### WHAT IS REQUIRED
Please give, word for word, the line containing "gainforward-graphic-other-txs" and every line that comes after it in the data below.

Top of RECORD SET

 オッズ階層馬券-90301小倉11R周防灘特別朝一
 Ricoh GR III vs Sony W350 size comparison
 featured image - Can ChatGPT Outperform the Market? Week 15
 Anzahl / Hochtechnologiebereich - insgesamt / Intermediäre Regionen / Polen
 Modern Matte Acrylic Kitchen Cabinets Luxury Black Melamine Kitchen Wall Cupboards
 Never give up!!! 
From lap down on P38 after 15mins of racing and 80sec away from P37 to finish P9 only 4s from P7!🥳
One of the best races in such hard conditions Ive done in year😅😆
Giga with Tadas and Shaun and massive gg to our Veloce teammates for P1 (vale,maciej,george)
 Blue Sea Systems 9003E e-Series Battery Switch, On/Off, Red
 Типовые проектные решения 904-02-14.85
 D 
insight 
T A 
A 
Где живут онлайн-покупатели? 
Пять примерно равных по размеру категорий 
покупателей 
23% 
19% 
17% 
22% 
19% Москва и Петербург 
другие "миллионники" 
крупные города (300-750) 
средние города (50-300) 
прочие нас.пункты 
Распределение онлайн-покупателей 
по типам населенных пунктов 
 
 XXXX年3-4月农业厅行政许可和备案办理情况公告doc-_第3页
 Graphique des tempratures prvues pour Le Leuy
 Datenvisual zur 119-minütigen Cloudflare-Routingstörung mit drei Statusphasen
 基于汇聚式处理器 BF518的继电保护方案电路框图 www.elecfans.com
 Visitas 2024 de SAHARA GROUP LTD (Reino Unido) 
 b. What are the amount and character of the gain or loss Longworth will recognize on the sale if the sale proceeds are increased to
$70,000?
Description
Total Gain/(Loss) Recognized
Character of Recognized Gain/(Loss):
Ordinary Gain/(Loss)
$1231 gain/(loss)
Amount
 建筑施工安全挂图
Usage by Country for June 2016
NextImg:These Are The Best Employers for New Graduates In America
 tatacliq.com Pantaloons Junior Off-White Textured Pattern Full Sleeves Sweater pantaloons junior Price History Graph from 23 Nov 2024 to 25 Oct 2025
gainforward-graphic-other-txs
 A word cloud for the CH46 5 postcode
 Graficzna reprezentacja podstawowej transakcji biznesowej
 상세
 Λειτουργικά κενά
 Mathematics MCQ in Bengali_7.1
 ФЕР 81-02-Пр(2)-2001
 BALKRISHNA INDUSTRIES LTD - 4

Bottom of RECORD SET

### ANSWER FOR THIS EXERCISE
gainforward-graphic-other-txs
 A word cloud for the CH46 5 postcode
 Graficzna reprezentacja podstawowej transakcji biznesowej
 상세
 Λειτουργικά κενά
 Mathematics MCQ in Bengali_7.1
 ФЕР 81-02-Пр(2)-2001
 BALKRISHNA INDUSTRIES LTD - 4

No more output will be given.